[TASK TO CARRY OUT]: Reproduce the listing word for word, leaving every picture behind.

[DATA PROVIDED]:
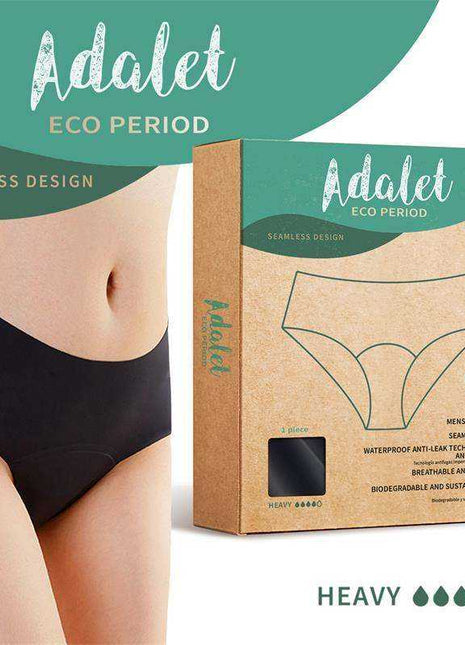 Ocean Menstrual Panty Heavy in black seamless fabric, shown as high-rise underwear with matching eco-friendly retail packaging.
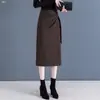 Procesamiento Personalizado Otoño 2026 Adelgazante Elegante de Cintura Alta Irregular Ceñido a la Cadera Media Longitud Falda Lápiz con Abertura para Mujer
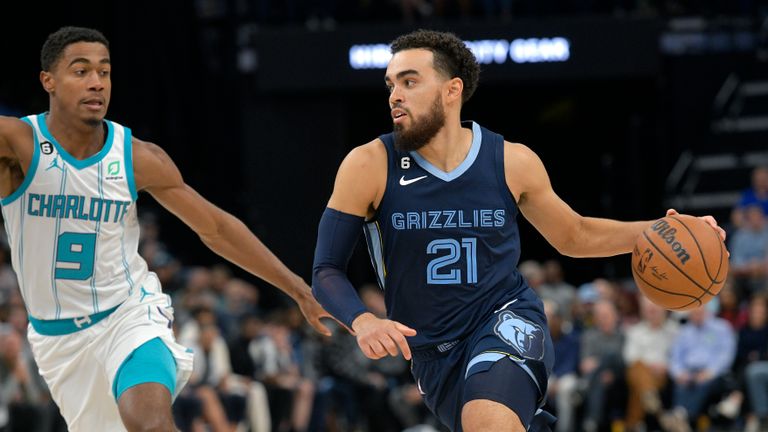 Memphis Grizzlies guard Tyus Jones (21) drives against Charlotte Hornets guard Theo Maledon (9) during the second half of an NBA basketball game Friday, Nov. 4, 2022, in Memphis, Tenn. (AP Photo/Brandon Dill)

[EXERCISE ANSWER]:
 Ocean Menstrual Panty Heavy in black seamless fabric, shown as high-rise underwear with matching eco-friendly retail packaging.
 Procesamiento Personalizado Otoño 2026 Adelgazante Elegante de Cintura Alta Irregular Ceñido a la Cadera Media Longitud Falda Lápiz con Abertura para Mujer
 Memphis Grizzlies guard Tyus Jones (21) drives against Charlotte Hornets guard Theo Maledon (9) during the second half of an NBA basketball game Friday, Nov. 4, 2022, in Memphis, Tenn. (AP Photo/Brandon Dill)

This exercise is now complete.